Magliano, located on the south side of Monte Tea, between the Aulella and Serchio di Soraggio rivers, is divided into two centres: "Magliano a mattino " and "Magliano a Sera ".

The Church of Sant’Andrea, in which the saintly bodies of the martyrs Giusto and Emiliano are preserved, dates back at least to 1297. The building was altered several times: in 1734 it was completely renovated and enriched with numerous works of art of exquisite workmanship, including an interesting neo-Gothic triptych depicting the Madonna and Child.

The Church of SS. Vincenzo and Anastasio, which houses the  fifteenth century altarpiece by Bernardino del Castelletto depicting the Madonna and Child with Saints, is also worth a visit. 

Historical notes

The first written record of the village dates back to 793, when Bishop Giovanni bought some properties in Magliano and Ponteccio. 

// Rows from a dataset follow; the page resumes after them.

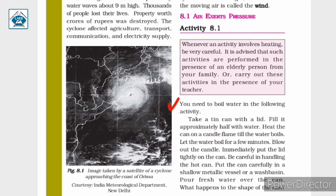Let us begin Activity 8.1. Take a tin can with a lid and fill it approximately half with water. Heat the can on a candle flame till the water boils. Let the water boil for a few minutes. Blow out the candle, immediately put the lid tightly on the can. Be careful handling the hot can. Put it carefully in a shallow metallic vessel or wash basin and pour fresh water over the can. What happens to the shape of the can?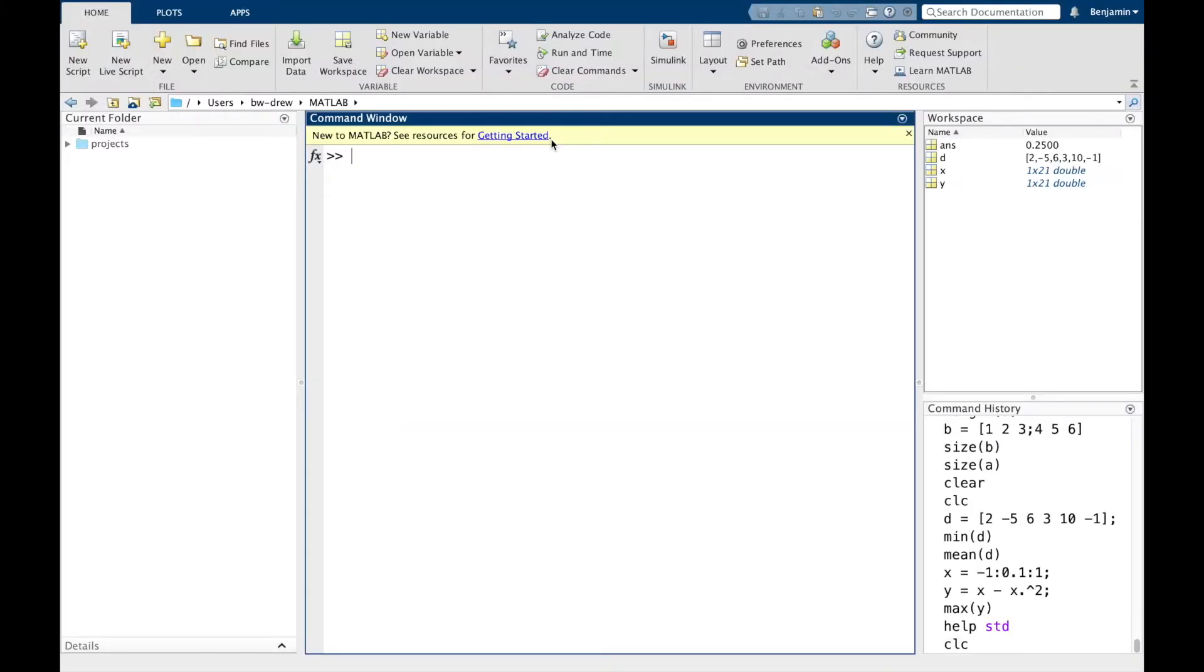2.7. Saving data. Now, when you've been doing lots of stuff in MATLAB, you'll notice that we've been creating a bunch of variables in the workspace window.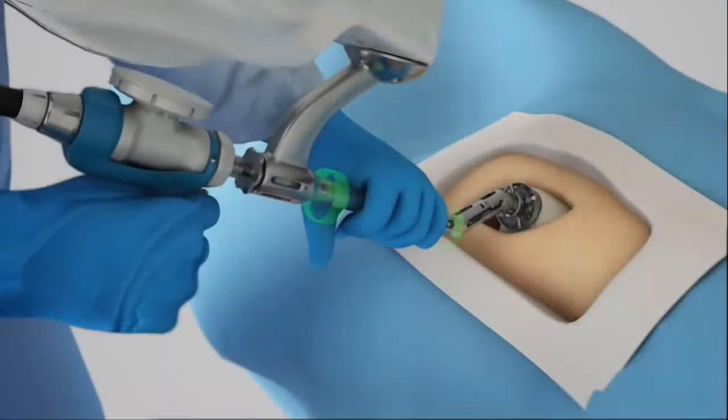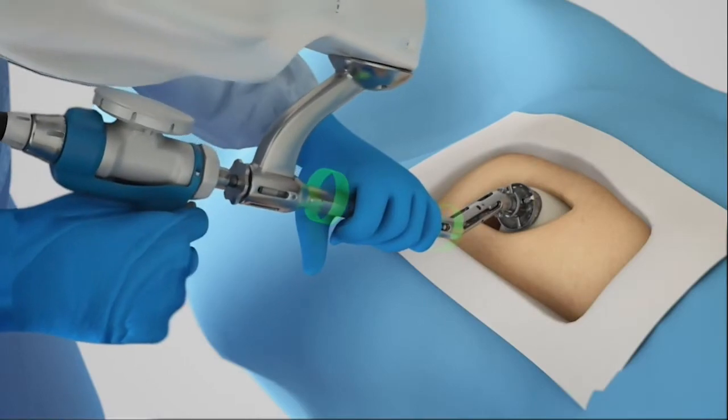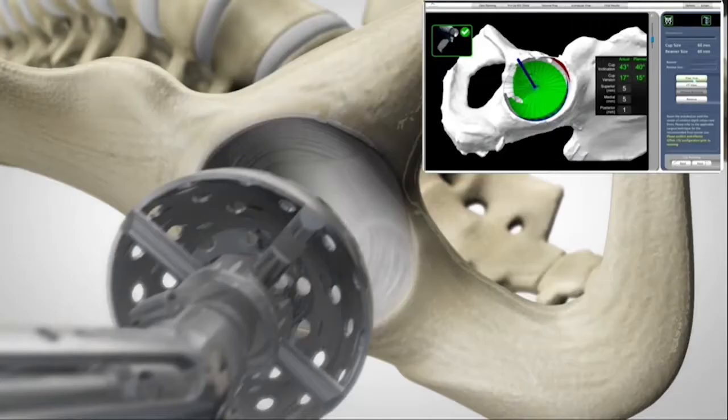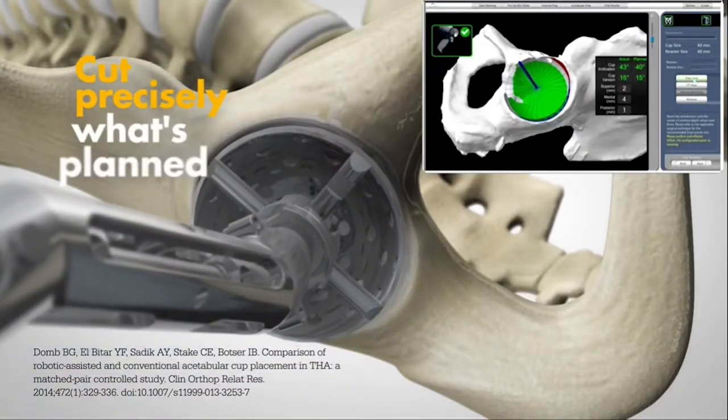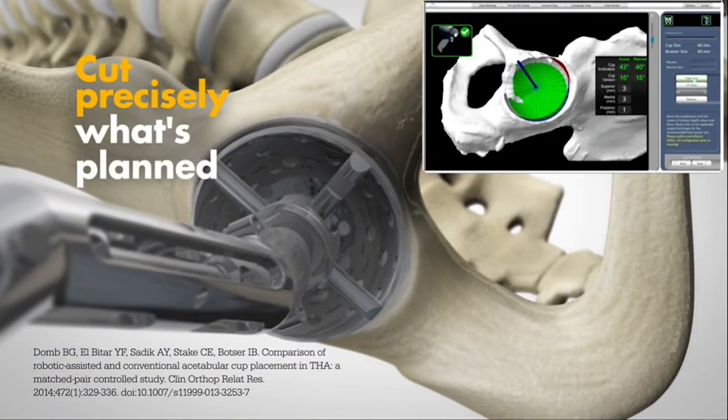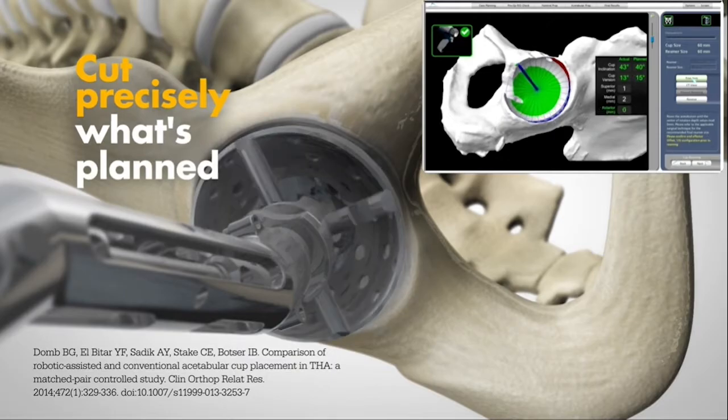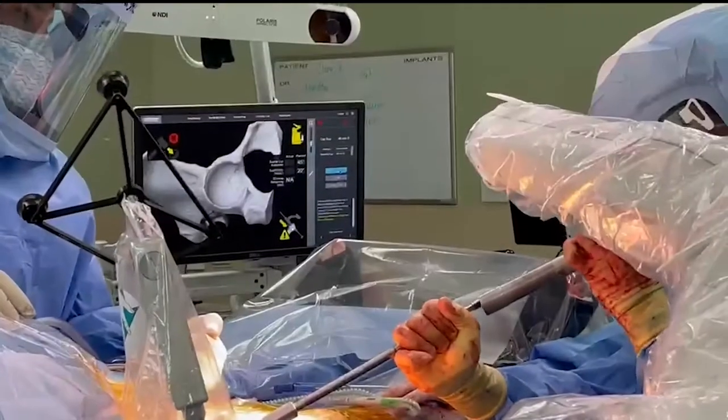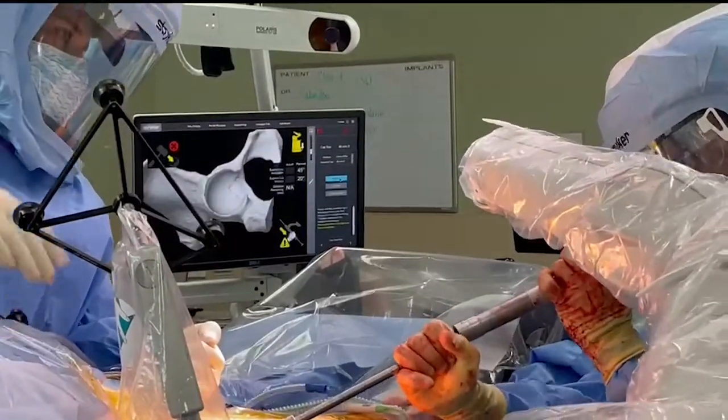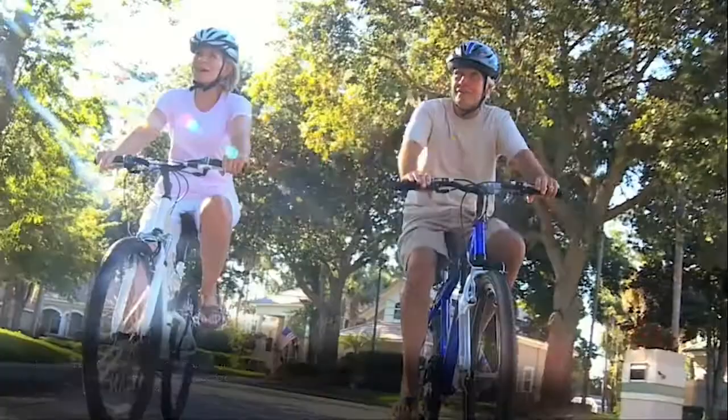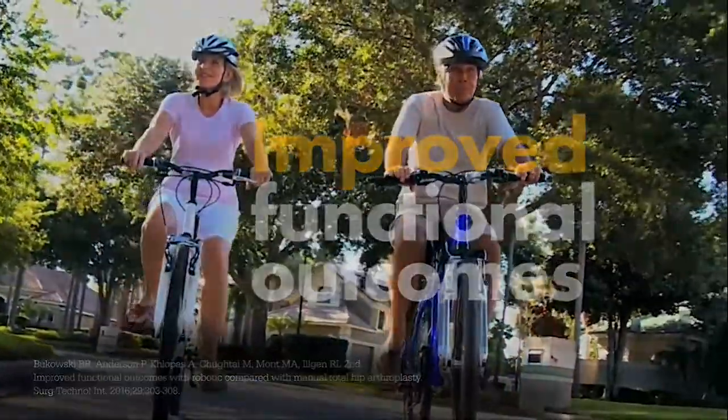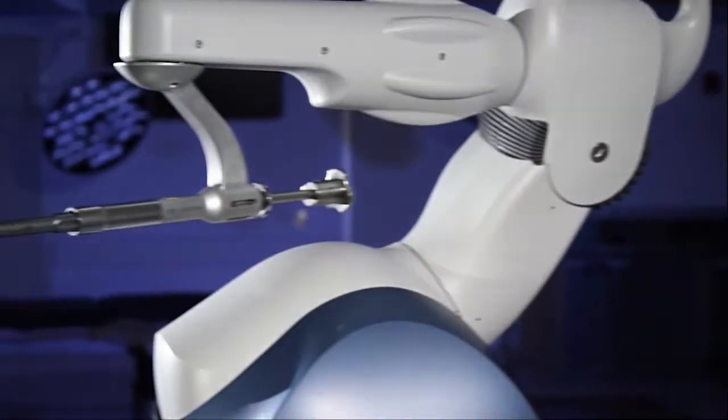Imagine executing your plan with AccuStop haptic technology to cut precisely what's planned. Imagine the power to preserve healthy bone and improve functional outcomes. You don't have to imagine it anymore.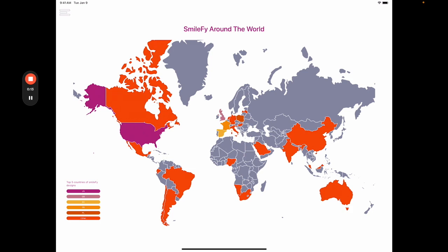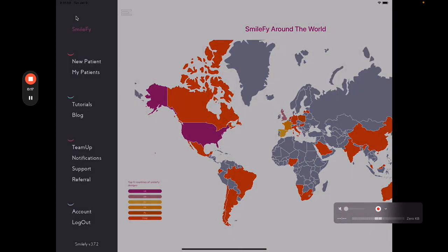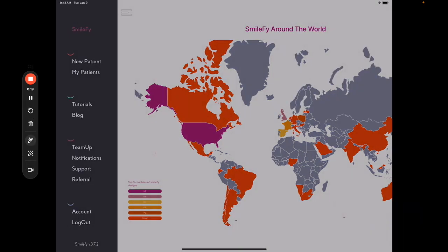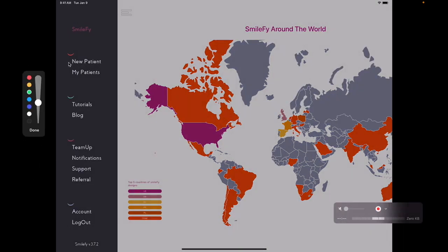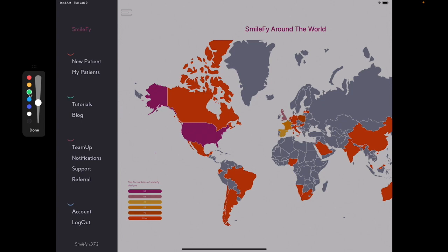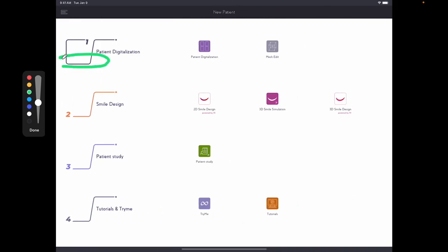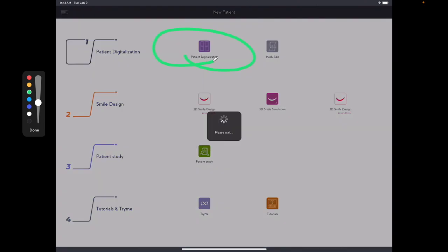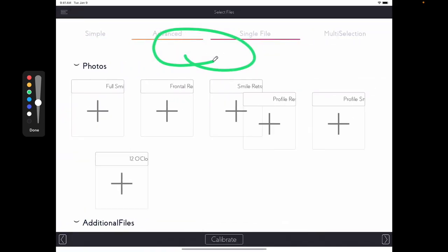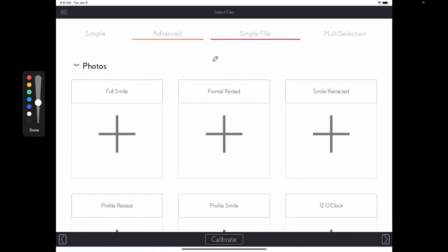First thing we do here, we go to the menu, which is on the top left corner, then you go to new patient and select the patient digitalization. So that's how we will start any case.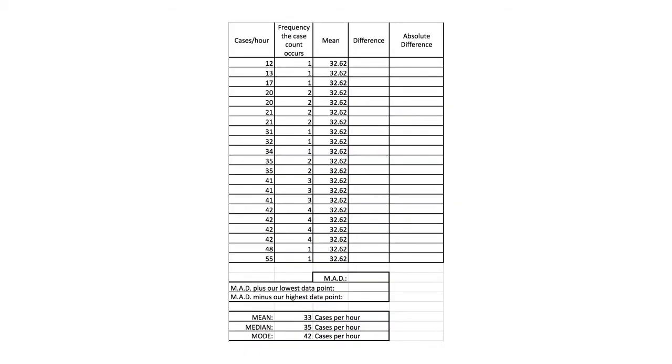Are you working on a production standard too? I just use the mode for mine — the number that occurs most in a data set. That makes the most sense to me. Besides, I got better things to do. Mean absolute deviation will help me get a more accurate set of data. Many things can happen during the day on the floor. Let's see what happens when I calculate the MAD to find the upper and the lower thresholds.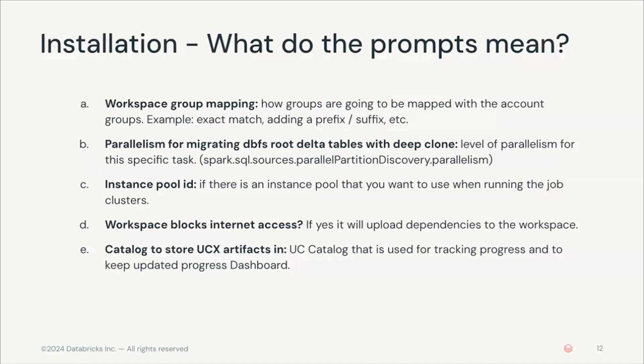There's also another question about parallelism for migrating dbfs root delta tables with deep clone. This is very specific to cases where there needs to be a deep clone of your table, so generally for managed tables, and this level of parallelism by default is 200.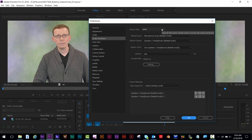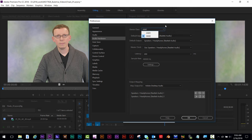Device Class should be set to MME. If it was switched to ASIO by unplugging headphones or switching to a different speaker, try changing it back to MME and see if that resolves your issue.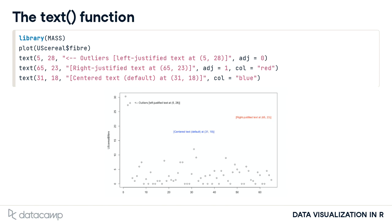By default, the text added to the plot is centered at the specified x values, but the optional argument adj can be used to modify this alignment. The default value is adj equals 0.5 for centered text, but other values give different alignments.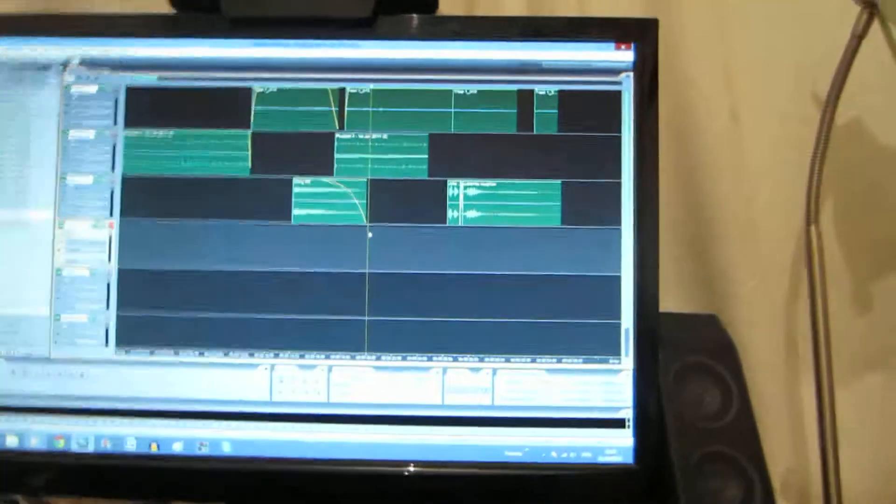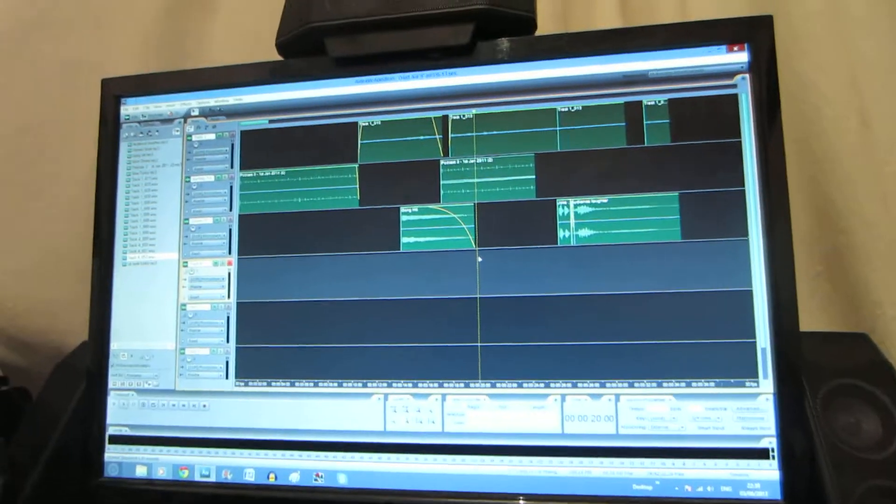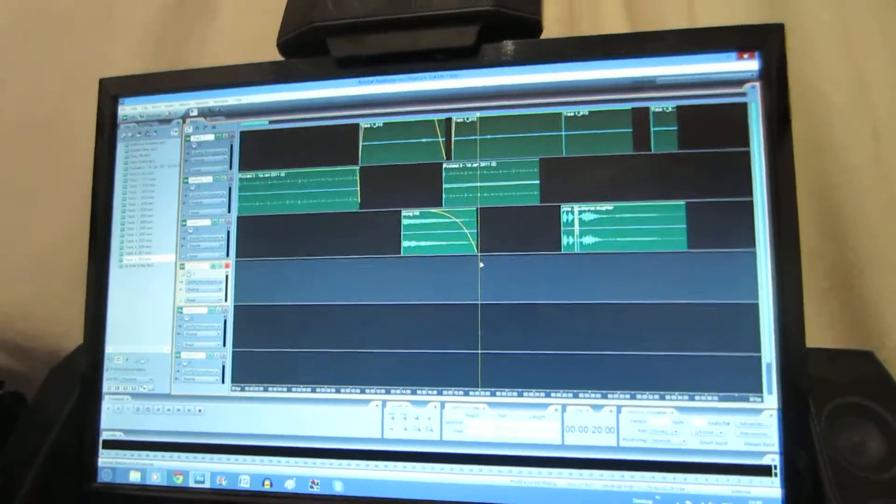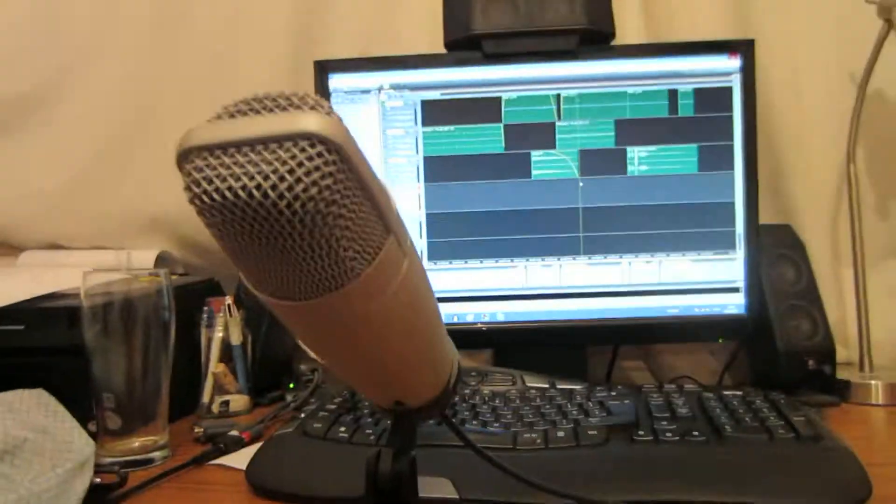You can see some of the audio file data there, which is pretty cool. We've got our microphone. This is our whole setup.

During the Middle Ages, a fort was built near the village centre, the remains of which were recently found near the ruins of the church of Santa Felicita, a place of worship halfway between Castelletto and Magliano. The "castrum de Malliano cum pertinentiis" is in fact mentioned in 1185 in a diploma of Emperor Federico Barbarossa.

Possession of the fortifications and villages was entrusted to the nobles of Dalli. The members of this family, although they had sold all of their possessions to the city of Lucca in 1229, continued to reside for a long time in the lands which they had formerly dominated, while the community remained tied for centuries to the activities of pastoralism. 

Following the fall of the government of Paolo Guinigi (1430), Magliano, like other villages in the area, remained for a few years under Florentine rule until, in 1446, when it decided to submit to the authority of the Marquis Lionello d'Este, escaping the ongoing disputes that counterposed Lucca and Florence.